Where, everyone wants to know, is it all going to end?
With the world's major central banks printing money at unprecedented rates to fund governments' ballooning deficits, some investors are worried about a generalised collapse in the bond markets.
Others fret that looming hyperinflation will destroy the value of money, and preach that hard assets like commodities or property are the only reliable store of value.
Either way, large numbers of observers believe quantitative easing is a recipe for disaster. It will, they warn, all end in tears.
Despite these fears, however, there are no signs either of a crisis of bond market confidence or of soaring inflation.

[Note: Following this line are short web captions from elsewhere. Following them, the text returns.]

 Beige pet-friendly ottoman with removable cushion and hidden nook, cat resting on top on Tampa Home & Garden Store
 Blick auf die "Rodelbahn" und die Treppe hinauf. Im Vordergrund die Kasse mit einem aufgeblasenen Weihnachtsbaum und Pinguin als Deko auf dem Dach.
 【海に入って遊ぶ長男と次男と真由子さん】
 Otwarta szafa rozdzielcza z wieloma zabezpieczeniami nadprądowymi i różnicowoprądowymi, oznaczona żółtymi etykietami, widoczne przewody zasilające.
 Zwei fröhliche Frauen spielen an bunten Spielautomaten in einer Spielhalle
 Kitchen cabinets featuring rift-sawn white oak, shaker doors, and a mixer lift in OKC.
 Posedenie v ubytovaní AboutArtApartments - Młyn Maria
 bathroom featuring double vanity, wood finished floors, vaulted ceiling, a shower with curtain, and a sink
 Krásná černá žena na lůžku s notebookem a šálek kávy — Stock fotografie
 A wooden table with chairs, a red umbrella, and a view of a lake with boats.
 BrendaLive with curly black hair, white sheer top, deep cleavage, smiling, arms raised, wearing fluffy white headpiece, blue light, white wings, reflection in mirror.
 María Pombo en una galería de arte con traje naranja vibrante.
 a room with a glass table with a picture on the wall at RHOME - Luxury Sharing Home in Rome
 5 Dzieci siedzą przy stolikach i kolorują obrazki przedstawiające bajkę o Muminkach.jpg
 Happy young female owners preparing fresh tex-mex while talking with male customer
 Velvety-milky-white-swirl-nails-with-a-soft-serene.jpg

Consider Japan. Since the bubble economy burst at the beginning of the 1990s, gross government debt has expanded from 66 per cent of GDP to reach 245 per cent last year. Yet 10-year government bond yields, at just 0.6 per cent, remain close to their record lows.
Meanwhile, with the central bank's printing presses working full time, Japan's monetary base has expanded from 10 per cent of gross domestic product to 30 per cent. Yet inflation is a distant memory, with consumer prices down 0.7 per cent over the last 12 months. It all seems to deny financial logic.
The explanation, says former New York Federal Reserve staffer and Nomura Research Institute chief economist Richard Koo, is that ever since Japan's bubble burst, the private sector has been intent on saving.
Instead of taking advantage of low interest rates to borrow and invest, companies and individuals have been saving in order to rebuild balance sheets wrecked by the crash.
With everyone saving and no one else borrowing, the government is the only borrower in town, which is why bond yields remain so low.
At the same time, with little or no private sector appetite for borrowing, all the money the Bank of Japan prints when it buys bonds from the country's banks simply remains on deposit at the central bank in the form of excess bank reserves.
As a result, quantitative easing inflates the central bank's balance sheet, and pumps up the monetary base, but it has had little effect on Japan's broader money supply or on credit creation in the real economy.
In economist-speak, the velocity of money - the rate at which money circulates in the economy - has collapsed.
This is a big problem, because although it might make sense for individuals and individual companies to save up money and pay down debt, when everyone does it, economic growth stalls.
The central bankers' solution - in the United States and Britain as well as in Japan - has been to step up the pace at which they are printing cash.
That's prompted fears they will fuel hyperinflation in the future. But as far as central bankers are concerned, inflation is definitely a lesser evil than deflation.
As the experience of the last few years has proved, reflating an economy is extremely difficult, whereas central bankers know where they are with inflation. When the velocity of money picks up again, they can just step on the brakes by raising interest rates.
Of course, higher inflation and higher interest rates will mean higher bond yields, which in turn mean the central banks will suffer huge paper losses on all those government bonds they bought with their quantitative easing programmes.
No doubt that will be politically embarrassing. But in the real world, paper losses at central banks don't greatly matter. The People's Bank of China makes huge losses on its portfolio of US Treasury bonds, but no one bothers.
In short, neither the prospect of a crisis of bond market confidence, nor rising inflation, are worth losing sleep over.
But if nothing happens - if stepped up quantitative easing produces no results - then we should really begin to worry.